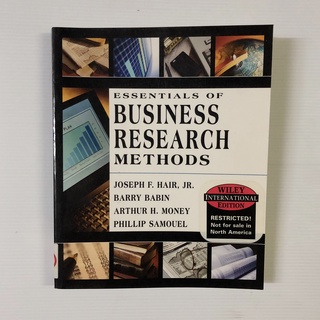 หนังสือ Essentials of Business Research Methods / Joseph F. Hair มือสอง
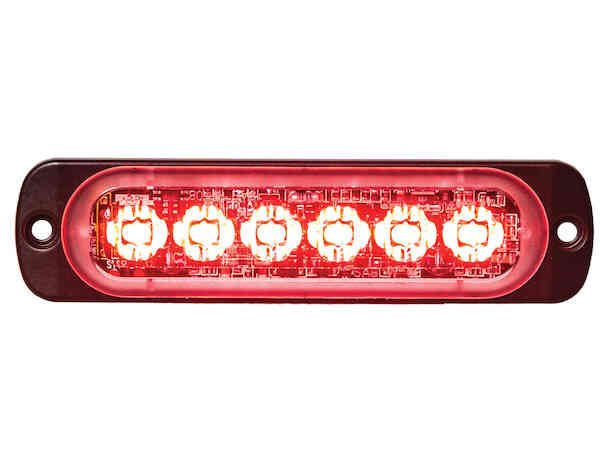 
                                                        STROBE LIGHTS 4-3/8in, 6-LED, RED                              1                          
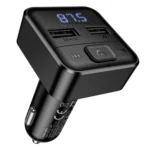 Borofone FM Transmitter/Φορτιστής Αυτοκινήτου,Bluetooth 2x USB Selecto BC63 Black - Image 2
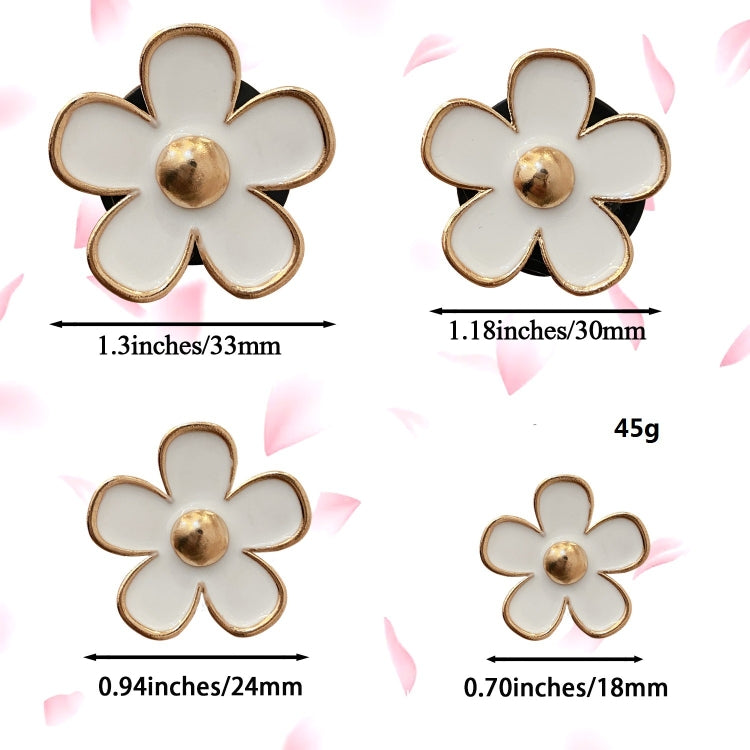 Clip decorativa per presa d'aria per auto, profumo di crisantemo, 4 pezzi/set, White, Black, Red, Blue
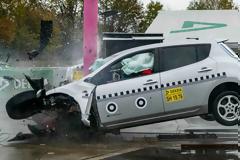 Crash Test με ηλεκτρικό αυτοκίνητο (+video)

▸ **WHAT THE EXERCISE ASKS**
Word-for-word output of every record is needed, with images omitted.

▸ **EXERCISE OUTPUT**
 หนังสือ Essentials of Business Research Methods / Joseph F. Hair มือสอง
                                                        STROBE LIGHTS 4-3/8in, 6-LED, RED                              1                          
 Borofone FM Transmitter/Φορτιστής Αυτοκινήτου,Bluetooth 2x USB Selecto BC63 Black - Image 2
 Clip decorativa per presa d'aria per auto, profumo di crisantemo, 4 pezzi/set, White, Black, Red, Blue
 Crash Test με ηλεκτρικό αυτοκίνητο (+video)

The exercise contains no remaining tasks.